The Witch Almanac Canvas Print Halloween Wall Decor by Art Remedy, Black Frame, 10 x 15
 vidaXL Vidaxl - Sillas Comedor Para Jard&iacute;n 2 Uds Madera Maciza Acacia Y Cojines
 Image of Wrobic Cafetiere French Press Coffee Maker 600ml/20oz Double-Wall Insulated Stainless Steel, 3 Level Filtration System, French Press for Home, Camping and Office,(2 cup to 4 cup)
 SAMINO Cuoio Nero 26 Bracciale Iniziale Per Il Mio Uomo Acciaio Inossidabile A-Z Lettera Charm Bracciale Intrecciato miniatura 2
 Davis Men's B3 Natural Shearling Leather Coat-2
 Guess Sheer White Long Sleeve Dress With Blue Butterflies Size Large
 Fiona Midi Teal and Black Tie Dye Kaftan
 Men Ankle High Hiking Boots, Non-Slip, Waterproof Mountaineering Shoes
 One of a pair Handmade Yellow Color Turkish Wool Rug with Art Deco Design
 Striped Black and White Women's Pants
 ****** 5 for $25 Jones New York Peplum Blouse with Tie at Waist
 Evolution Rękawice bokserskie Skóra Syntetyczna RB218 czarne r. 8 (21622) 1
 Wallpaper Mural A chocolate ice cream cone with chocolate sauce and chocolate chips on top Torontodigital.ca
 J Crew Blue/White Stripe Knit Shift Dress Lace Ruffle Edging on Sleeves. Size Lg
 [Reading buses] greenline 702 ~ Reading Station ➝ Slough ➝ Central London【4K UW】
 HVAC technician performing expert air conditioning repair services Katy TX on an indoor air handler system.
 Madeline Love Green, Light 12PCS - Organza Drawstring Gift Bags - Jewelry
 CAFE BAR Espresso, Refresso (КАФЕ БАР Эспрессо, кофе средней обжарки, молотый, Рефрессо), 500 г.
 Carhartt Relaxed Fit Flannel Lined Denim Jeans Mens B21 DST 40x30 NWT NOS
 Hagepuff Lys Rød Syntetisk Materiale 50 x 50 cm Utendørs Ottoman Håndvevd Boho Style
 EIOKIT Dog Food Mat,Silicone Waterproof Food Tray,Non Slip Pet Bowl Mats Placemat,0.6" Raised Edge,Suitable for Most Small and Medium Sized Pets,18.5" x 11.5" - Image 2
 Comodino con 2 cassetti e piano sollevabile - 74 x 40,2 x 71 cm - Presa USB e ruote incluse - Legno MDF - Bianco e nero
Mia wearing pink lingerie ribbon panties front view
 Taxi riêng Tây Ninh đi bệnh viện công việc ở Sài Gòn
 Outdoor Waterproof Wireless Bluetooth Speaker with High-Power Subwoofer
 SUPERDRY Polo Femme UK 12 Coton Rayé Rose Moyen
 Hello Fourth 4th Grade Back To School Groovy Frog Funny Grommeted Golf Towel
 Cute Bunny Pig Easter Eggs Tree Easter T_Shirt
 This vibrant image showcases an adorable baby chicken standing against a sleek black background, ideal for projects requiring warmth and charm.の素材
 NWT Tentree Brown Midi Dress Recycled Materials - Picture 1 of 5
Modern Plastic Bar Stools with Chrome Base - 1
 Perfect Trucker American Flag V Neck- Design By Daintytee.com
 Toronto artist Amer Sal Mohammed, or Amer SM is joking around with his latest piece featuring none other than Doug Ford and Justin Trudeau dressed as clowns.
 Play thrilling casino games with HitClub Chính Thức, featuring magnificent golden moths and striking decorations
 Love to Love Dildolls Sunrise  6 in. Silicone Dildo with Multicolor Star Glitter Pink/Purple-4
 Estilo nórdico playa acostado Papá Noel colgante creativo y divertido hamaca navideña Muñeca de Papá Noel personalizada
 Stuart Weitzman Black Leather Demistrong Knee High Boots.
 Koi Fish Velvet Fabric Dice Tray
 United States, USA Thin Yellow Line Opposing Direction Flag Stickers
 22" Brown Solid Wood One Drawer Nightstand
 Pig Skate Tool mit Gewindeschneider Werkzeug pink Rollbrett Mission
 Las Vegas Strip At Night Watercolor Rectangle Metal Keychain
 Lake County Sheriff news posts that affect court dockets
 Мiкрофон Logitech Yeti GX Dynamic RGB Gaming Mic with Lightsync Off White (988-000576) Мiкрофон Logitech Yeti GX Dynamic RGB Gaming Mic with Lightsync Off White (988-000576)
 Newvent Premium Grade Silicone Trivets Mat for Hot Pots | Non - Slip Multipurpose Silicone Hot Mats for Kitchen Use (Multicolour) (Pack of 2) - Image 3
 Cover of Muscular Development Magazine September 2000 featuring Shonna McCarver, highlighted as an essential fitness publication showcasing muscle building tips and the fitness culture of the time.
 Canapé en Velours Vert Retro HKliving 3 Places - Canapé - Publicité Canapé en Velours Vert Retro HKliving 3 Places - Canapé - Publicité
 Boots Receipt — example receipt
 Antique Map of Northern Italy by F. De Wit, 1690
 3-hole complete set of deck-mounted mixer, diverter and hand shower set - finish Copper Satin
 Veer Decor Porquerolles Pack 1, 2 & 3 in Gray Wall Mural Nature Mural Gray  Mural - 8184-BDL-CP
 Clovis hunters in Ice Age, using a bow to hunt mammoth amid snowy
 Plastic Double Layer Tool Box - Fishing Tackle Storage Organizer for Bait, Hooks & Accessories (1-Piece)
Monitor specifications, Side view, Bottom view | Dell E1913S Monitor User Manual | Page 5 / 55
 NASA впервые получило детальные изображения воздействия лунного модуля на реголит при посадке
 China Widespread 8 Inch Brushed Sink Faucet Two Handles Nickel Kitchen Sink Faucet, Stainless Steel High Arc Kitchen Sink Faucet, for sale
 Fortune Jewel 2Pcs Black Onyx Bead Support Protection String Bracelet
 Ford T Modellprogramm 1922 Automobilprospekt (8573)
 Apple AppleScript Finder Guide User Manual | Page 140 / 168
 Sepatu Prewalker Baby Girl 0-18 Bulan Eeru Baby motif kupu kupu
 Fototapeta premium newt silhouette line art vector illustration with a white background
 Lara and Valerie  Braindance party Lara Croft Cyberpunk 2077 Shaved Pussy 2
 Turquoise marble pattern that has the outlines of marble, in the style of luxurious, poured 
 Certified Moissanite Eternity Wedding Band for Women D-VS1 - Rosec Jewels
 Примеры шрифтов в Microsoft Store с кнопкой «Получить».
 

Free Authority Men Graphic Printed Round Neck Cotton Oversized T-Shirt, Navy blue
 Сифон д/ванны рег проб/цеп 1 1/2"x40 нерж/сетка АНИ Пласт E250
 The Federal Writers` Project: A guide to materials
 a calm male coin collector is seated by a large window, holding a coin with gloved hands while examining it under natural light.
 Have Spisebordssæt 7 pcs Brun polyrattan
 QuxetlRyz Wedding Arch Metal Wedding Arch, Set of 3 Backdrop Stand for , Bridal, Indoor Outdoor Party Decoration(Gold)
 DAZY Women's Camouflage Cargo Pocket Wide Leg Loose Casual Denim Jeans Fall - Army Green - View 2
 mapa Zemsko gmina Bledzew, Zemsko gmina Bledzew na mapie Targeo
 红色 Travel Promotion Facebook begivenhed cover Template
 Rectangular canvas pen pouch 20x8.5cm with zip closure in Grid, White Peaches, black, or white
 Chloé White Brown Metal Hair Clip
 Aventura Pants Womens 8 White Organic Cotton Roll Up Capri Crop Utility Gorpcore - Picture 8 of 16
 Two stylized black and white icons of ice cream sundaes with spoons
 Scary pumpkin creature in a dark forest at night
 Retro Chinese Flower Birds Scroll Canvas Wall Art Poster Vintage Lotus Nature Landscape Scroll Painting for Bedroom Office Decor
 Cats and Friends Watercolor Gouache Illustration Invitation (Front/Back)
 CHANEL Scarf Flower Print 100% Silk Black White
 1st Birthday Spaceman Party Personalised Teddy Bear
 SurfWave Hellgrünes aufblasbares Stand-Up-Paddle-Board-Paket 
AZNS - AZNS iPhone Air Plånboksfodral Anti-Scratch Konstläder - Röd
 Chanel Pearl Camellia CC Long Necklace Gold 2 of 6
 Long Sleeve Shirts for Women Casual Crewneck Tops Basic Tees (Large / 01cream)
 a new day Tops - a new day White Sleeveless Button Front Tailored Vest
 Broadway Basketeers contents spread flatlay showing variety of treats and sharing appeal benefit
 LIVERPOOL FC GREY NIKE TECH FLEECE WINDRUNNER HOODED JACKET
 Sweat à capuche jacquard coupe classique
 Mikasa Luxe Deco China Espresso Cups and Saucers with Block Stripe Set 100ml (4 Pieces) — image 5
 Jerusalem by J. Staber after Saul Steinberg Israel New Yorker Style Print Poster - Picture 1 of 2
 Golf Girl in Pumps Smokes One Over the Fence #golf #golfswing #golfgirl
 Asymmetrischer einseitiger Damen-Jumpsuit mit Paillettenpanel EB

━━━━━━━━━━━━━━━━━━━━━━━━━━━━━━

#### Directions for this task
Within the material above, transcribe exactly the lines that run from the line holding "Las Vegas Strip" through the line holding "Sepatu Prewalker Baby".

#### The answer
 Las Vegas Strip At Night Watercolor Rectangle Metal Keychain
 Lake County Sheriff news posts that affect court dockets
 Мiкрофон Logitech Yeti GX Dynamic RGB Gaming Mic with Lightsync Off White (988-000576) Мiкрофон Logitech Yeti GX Dynamic RGB Gaming Mic with Lightsync Off White (988-000576)
 Newvent Premium Grade Silicone Trivets Mat for Hot Pots | Non - Slip Multipurpose Silicone Hot Mats for Kitchen Use (Multicolour) (Pack of 2) - Image 3
 Cover of Muscular Development Magazine September 2000 featuring Shonna McCarver, highlighted as an essential fitness publication showcasing muscle building tips and the fitness culture of the time.
 Canapé en Velours Vert Retro HKliving 3 Places - Canapé - Publicité Canapé en Velours Vert Retro HKliving 3 Places - Canapé - Publicité
 Boots Receipt — example receipt
 Antique Map of Northern Italy by F. De Wit, 1690
 3-hole complete set of deck-mounted mixer, diverter and hand shower set - finish Copper Satin
 Veer Decor Porquerolles Pack 1, 2 & 3 in Gray Wall Mural Nature Mural Gray  Mural - 8184-BDL-CP
 Clovis hunters in Ice Age, using a bow to hunt mammoth amid snowy
 Plastic Double Layer Tool Box - Fishing Tackle Storage Organizer for Bait, Hooks & Accessories (1-Piece)
Monitor specifications, Side view, Bottom view | Dell E1913S Monitor User Manual | Page 5 / 55
 NASA впервые получило детальные изображения воздействия лунного модуля на реголит при посадке
 China Widespread 8 Inch Brushed Sink Faucet Two Handles Nickel Kitchen Sink Faucet, Stainless Steel High Arc Kitchen Sink Faucet, for sale
 Fortune Jewel 2Pcs Black Onyx Bead Support Protection String Bracelet
 Ford T Modellprogramm 1922 Automobilprospekt (8573)
 Apple AppleScript Finder Guide User Manual | Page 140 / 168
 Sepatu Prewalker Baby Girl 0-18 Bulan Eeru Baby motif kupu kupu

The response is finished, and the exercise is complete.